Экспозиционная война
Сергей Ходнев о том, как в России отметили столетие начала Первой мировой
В год столетия Первой мировой войны в России открылось множество юбилейных выставок и даже отдельный музей. О том, что объединяет и различает эти экспозиции, и что они говорят о нашем сегодняшнем восприятии той войны — Сергей Ходнев
Приходится констатировать: по сравнению с другими большими военно-историческими юбилеями недавнего времени столетие Первой мировой отметили куда более заметно. В официальных речах войну за этот год поминали многократно, кажется, даже чаще, чем события 1812 года и Смуту два года назад (и уж точно чаще, чем Полтавскую битву и Великую Северную войну в 2009-м). Плюс несколько памятников в России и за границей, плюс появление целого музея, специально посвященного только этой войне, плюс бесчисленное множество выставок. Из которых, если говорить о московских событиях, изрядная часть действительно представляла собой хоть и не сплошь удачи, но по крайней мере добротные, не для галочки, работы.
И даже претендовала на заинтересованно-искреннее звучание.
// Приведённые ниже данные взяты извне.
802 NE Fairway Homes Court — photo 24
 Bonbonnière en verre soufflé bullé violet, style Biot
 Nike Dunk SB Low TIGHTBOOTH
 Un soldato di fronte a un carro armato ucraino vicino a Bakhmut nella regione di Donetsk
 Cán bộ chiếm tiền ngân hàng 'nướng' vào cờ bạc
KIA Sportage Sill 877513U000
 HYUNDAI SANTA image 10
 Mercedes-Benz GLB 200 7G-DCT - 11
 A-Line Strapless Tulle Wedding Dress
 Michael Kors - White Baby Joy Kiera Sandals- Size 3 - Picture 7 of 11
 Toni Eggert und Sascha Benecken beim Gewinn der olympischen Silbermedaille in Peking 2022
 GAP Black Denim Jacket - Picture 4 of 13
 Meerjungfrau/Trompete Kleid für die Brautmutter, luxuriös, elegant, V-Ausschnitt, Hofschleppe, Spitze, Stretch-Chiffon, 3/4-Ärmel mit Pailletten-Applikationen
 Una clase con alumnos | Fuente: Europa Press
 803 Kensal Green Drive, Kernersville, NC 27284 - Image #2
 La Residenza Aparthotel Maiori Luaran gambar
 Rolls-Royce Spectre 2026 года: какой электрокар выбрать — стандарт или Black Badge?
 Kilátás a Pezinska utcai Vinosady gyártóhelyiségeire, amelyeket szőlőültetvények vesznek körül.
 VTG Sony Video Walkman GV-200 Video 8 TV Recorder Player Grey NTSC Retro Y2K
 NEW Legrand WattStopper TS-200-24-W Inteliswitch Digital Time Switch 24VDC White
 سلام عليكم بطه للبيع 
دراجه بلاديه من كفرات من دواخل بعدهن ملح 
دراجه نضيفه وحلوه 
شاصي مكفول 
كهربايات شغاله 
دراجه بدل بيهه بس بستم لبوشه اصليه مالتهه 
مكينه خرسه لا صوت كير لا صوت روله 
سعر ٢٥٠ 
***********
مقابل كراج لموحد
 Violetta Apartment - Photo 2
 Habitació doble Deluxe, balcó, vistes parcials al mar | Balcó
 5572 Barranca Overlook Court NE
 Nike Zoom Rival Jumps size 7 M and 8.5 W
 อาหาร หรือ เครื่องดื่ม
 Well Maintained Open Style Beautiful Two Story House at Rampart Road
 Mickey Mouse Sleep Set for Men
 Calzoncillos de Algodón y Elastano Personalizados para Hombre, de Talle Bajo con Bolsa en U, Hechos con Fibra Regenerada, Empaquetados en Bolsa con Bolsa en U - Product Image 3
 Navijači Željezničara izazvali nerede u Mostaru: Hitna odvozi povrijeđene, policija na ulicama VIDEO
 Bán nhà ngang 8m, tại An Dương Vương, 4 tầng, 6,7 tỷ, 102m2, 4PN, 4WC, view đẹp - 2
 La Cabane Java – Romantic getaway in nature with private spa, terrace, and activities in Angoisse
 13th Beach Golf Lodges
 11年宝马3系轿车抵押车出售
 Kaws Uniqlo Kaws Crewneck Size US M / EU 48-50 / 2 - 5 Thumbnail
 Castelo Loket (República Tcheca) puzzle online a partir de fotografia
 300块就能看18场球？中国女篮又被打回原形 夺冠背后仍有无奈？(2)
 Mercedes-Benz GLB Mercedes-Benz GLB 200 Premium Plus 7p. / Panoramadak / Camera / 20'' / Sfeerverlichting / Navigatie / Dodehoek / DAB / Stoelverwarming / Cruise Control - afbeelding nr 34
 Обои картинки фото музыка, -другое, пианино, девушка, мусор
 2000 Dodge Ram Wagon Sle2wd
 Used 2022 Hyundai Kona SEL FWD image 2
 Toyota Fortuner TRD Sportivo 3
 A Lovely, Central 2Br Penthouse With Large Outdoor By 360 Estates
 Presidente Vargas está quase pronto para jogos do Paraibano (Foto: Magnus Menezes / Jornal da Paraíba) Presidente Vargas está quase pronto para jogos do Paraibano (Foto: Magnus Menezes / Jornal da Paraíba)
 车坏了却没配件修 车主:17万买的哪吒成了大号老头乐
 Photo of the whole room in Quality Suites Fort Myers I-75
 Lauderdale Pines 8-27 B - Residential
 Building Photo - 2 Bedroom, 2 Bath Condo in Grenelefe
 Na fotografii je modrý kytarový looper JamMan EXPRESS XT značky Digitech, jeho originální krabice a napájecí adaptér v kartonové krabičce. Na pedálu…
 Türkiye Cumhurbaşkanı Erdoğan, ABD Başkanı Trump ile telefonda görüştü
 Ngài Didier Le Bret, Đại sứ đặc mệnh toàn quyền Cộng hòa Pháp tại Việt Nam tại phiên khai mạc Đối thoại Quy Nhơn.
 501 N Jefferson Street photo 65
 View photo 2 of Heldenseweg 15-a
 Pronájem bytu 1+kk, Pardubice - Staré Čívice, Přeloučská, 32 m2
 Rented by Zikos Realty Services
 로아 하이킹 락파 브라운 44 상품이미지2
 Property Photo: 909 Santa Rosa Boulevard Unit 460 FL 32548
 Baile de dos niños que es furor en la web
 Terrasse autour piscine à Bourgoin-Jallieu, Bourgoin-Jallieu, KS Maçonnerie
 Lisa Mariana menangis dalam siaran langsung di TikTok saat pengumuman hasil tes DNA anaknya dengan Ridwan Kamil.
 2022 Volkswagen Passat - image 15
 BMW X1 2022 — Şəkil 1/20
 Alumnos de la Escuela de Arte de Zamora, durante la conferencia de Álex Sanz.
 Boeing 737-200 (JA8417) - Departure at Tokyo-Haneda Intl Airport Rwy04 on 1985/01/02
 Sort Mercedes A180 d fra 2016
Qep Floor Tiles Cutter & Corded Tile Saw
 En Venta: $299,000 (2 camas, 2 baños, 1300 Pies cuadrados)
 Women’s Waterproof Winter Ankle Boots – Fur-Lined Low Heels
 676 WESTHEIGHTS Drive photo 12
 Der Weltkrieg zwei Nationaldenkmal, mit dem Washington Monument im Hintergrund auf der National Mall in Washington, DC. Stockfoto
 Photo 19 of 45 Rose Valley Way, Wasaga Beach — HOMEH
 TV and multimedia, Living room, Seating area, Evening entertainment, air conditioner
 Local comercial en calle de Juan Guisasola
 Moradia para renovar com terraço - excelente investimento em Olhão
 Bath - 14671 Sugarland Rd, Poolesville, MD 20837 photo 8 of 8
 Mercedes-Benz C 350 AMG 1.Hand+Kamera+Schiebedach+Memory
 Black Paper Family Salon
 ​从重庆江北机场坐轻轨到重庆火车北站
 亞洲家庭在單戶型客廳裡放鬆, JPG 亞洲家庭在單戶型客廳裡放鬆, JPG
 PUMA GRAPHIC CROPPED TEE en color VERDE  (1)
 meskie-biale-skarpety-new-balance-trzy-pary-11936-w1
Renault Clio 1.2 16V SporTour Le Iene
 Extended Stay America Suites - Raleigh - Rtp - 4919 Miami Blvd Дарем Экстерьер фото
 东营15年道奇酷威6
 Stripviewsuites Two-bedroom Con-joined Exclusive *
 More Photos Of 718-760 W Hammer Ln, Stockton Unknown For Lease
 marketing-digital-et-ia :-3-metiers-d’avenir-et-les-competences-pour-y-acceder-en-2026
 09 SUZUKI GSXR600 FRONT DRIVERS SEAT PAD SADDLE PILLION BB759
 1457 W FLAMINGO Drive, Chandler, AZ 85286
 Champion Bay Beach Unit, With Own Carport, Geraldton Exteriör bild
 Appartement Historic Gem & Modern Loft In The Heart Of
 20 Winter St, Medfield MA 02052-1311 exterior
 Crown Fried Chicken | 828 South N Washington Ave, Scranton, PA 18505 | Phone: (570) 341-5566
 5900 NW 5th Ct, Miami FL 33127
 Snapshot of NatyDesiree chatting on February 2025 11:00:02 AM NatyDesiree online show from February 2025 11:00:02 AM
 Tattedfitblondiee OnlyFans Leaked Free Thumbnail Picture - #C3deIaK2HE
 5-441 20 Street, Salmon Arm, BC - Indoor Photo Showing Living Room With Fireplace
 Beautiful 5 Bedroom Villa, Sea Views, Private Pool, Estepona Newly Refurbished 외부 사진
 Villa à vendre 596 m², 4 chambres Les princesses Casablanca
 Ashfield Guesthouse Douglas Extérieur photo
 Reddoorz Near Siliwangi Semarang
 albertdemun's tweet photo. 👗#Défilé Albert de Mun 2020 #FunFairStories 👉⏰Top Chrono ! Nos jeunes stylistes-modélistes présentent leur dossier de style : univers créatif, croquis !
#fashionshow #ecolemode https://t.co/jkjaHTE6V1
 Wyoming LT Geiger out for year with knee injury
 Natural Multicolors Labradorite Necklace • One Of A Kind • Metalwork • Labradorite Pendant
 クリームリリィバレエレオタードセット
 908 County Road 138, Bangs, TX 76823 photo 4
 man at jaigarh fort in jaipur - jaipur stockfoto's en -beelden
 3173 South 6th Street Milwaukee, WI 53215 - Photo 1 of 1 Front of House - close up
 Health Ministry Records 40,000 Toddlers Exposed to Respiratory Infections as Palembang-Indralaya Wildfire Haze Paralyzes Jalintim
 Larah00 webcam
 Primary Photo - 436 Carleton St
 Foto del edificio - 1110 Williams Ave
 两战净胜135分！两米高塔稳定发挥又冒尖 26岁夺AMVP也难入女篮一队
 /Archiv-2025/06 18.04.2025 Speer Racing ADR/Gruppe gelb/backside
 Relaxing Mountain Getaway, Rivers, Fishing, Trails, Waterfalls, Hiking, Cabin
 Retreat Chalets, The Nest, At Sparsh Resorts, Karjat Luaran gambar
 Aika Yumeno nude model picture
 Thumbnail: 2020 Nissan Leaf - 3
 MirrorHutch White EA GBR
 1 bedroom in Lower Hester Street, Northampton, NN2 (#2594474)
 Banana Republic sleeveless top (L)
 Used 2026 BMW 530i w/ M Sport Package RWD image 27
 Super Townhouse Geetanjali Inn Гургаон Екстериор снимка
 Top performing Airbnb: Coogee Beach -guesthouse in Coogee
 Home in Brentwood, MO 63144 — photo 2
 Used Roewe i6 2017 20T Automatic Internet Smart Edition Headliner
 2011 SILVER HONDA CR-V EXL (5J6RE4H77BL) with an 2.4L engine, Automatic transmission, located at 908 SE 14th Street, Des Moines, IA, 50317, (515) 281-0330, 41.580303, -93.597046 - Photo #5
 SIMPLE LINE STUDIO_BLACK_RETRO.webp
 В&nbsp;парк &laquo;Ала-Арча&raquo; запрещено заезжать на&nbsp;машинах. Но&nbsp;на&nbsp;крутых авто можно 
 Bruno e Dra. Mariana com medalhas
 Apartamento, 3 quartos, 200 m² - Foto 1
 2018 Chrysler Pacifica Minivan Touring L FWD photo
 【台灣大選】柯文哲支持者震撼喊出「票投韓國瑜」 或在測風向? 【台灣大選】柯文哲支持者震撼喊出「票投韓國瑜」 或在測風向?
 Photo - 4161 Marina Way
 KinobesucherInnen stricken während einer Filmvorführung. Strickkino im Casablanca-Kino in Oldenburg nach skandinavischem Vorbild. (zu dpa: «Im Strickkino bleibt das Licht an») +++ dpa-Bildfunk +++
Это не то чтобы прямо-таки всенепременное условие для хорошей выставки (есть тьма примеров, когда получалось совсем наоборот), просто интересно. Истории, конечно, положено быть бесстрастной и не выводить важность событий из того, близки они к сегодняшнему дню или нет. Но в данном случае хронологическая дистанция, видимо, оказалась как раз впору для того, чтобы так решительно двинуть музеи в атаку на заданную юбилеем тему: вроде бы и безопасная давность, ветеранов нет, живых семейных историй, связанных с этой войной, мало. Но в то же время и не настолько далекая, не застывший плюсквамперфект, по поводу которого высокие словеса о величии подвига и неумолкающей славе говорятся, конечно, но несколько отдают кимвалом бряцающим.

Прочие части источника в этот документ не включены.